Many will tell you that it is an e-discovery best practice to classify document families consistently and that “parent child relationships” (such as emails and attachments) should be preserved during document production in litigation.
But should you take a “best practice” at face value because an e-discovery blog suggests that it is so? Truth is, although we think it is a good idea, there is no hard and fast rule. But, there are a few legal arguments to support producing document families intact. Bottom line: it is probably best to agree with opposing counsel ahead of time about production of document families during discovery.

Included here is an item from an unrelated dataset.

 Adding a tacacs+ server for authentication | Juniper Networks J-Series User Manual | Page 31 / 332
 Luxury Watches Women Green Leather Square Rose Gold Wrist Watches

What is a Document Family?
A document family is two or more related documents that are grouped together. The most common example of a document family is an email message with an attachment. The email message is the parent and the attachment is the child.

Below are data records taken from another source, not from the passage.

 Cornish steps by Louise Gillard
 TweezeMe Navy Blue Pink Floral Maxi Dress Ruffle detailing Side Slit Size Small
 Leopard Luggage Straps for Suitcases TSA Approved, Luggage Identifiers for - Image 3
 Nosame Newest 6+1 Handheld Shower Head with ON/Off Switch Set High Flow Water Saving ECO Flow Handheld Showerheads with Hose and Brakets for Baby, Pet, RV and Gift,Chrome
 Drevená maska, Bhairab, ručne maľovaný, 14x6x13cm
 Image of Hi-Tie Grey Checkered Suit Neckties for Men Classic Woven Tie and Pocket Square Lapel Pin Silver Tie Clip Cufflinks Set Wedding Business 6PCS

Why is it a “Best Practice” to Categorize Document Families Consistently?
As discussed below, a main reason to produce document families intact is because under rules of civil procedure, documents are to be produced as they are kept in the normal course of business. For that reason, it is also generally a good idea to tag document families consistently. That is, if an attachment is relevant to a legal matter, its corresponding transmittal email should probably also be marked responsive.

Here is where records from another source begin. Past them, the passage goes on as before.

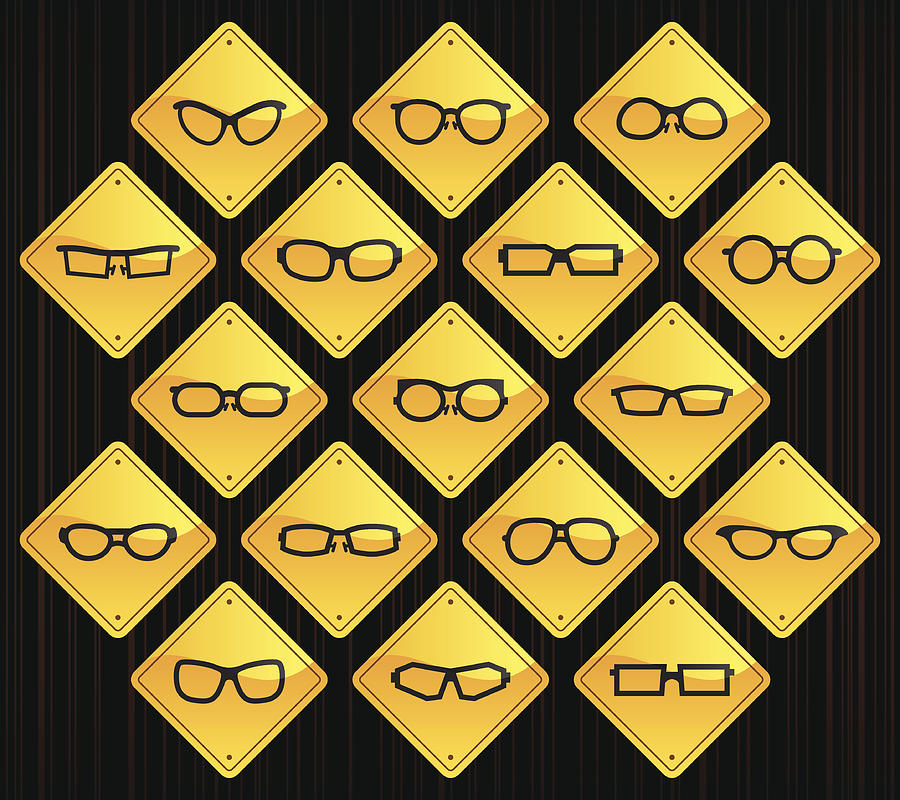 Yellow Road Signs - Glasses Drawing by Aaltazar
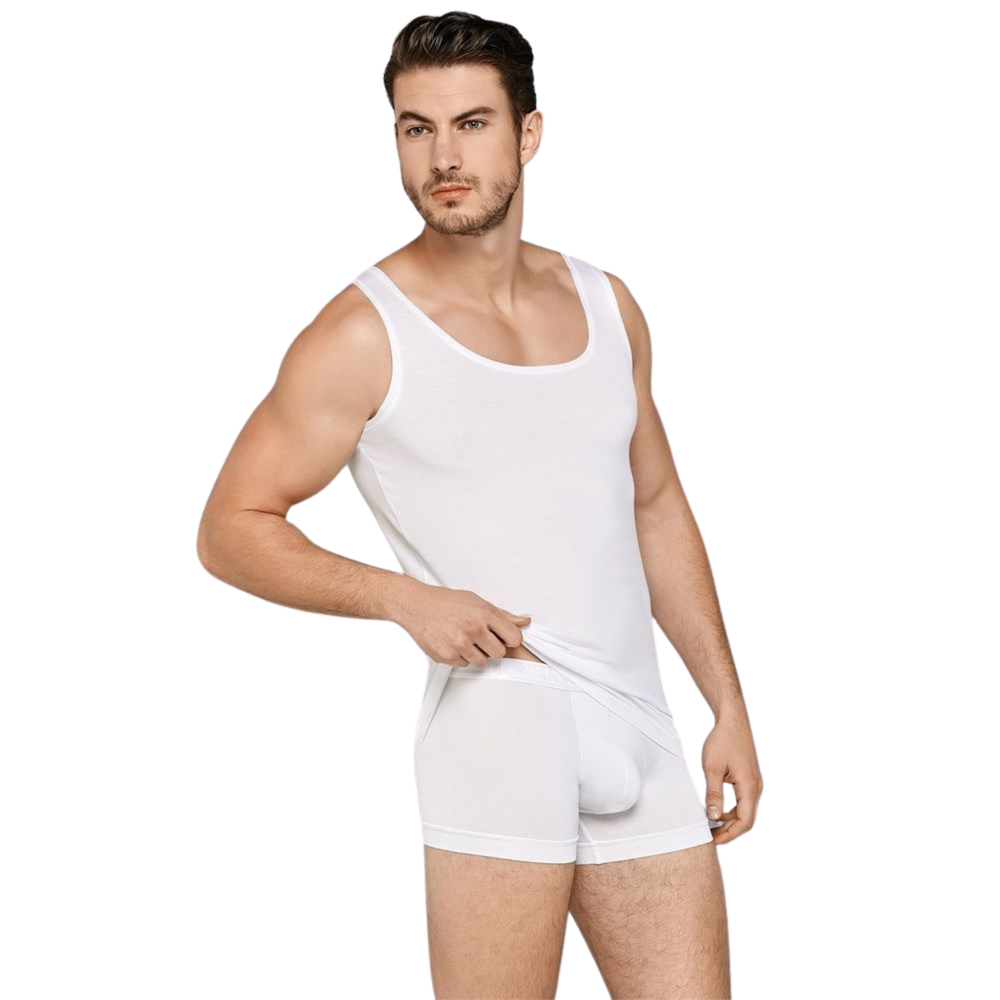 Мужской комплект майка и боксеры белые премиум-класса  Doreanse 3000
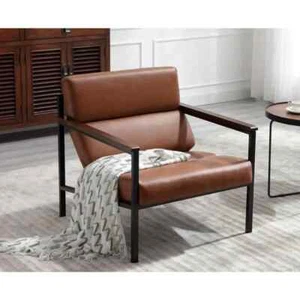 Modern Industrial Lounge Chair – Vegan Leather Accent Chair with steel frame - Picture 1 of 3
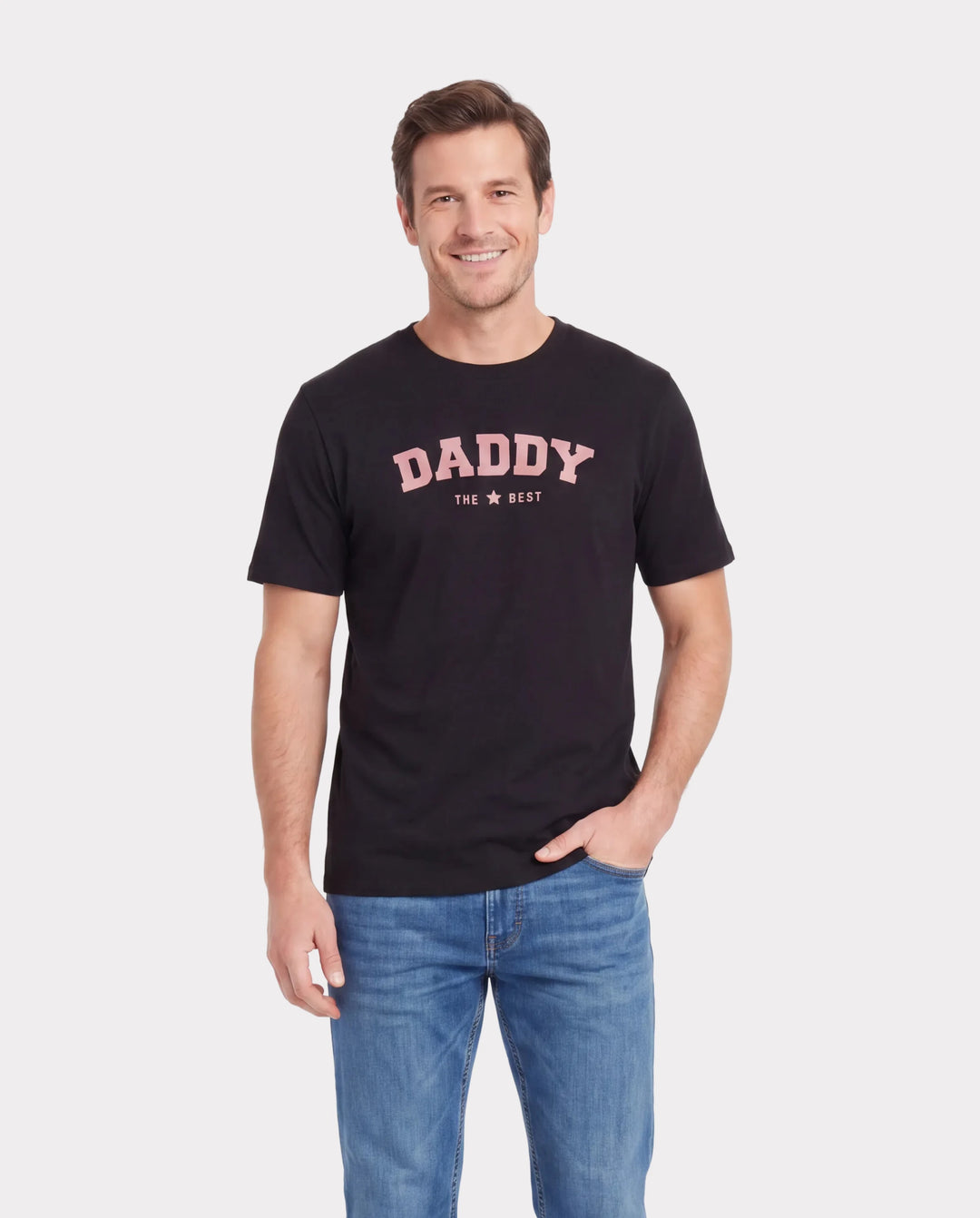 Daddy & Son Cotton T-Shirt & Dress Set Daddy / Mini Print Black Tee for Dad and boy, Floral Print splicing Dress for Mom, girl and Baby, Perfect for Summer Family Outings Black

Efficiency is also another reason to tag document families consistently. Most e-discovery document review platforms permit users to tag families in bulk. So, rather than marking each document individually, e-discovery software permits users to tag all documents in a family with the push of a button. This obviously saves review time.
Tagging document families consistently during document review is a good practice because maintaining parent-child relationships is often specifically requested by litigation opponents. Even if not specifically requested, producing attachments with corresponding emails will cut down on calls from opposing counsel to supplement a document production. Also, withholding document family members may raise eyebrows and call the completeness of a document production into question.
Even if logistically it is best to tag and produce document families together, is it required by court rules or case law? As with all great legal questions, the answer is maybe.
The Real Best Practice? Agree Ahead of Time About Document Families.
Case law addressing the production of document families during e-discovery is sparse, but there is at least one well reasoned and thoughtful opinion out there: Abu Dhabi Commercial Bank v. Morgan Stanley Co., Inc., No. 08-Civ. 7508 (S.D.N.Y. Aug. 18, 2011). The opinion examines the pros and cons of producing document families together and ultimately concludes that in the end, “the best practice is for parties to discuss the production and logging of e-mails and attachments as singular or separate items in advance of production and to reach agreement as to the treatment of e-mails and attachments for responsiveness and privilege purposes.”
Similarly, another court pointed out that rather than agreeing to categorize and produce document families uniformly, “parties may agree to a more onerous, time-consuming, and expensive page-by-page or section-by-section designation procedure, but [courts should not] require it in the absence of an agreement or a demonstrated failure to designate in good faith.”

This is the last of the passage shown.